Listed entries:
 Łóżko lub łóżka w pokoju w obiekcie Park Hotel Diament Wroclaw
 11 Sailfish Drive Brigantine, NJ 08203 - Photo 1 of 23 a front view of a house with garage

---

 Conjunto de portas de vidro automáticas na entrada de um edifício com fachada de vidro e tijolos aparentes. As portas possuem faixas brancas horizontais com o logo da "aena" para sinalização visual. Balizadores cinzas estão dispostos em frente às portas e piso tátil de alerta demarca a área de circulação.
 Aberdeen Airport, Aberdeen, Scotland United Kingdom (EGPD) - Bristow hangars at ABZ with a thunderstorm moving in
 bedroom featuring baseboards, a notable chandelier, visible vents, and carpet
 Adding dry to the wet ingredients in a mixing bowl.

Work instructions: Reproduce exactly the lines above from the line with "Łóżko lub łóżka" to the line with "11 Sailfish Drive", including both, and add nothing.

Task answer:
 Łóżko lub łóżka w pokoju w obiekcie Park Hotel Diament Wroclaw
 11 Sailfish Drive Brigantine, NJ 08203 - Photo 1 of 23 a front view of a house with garage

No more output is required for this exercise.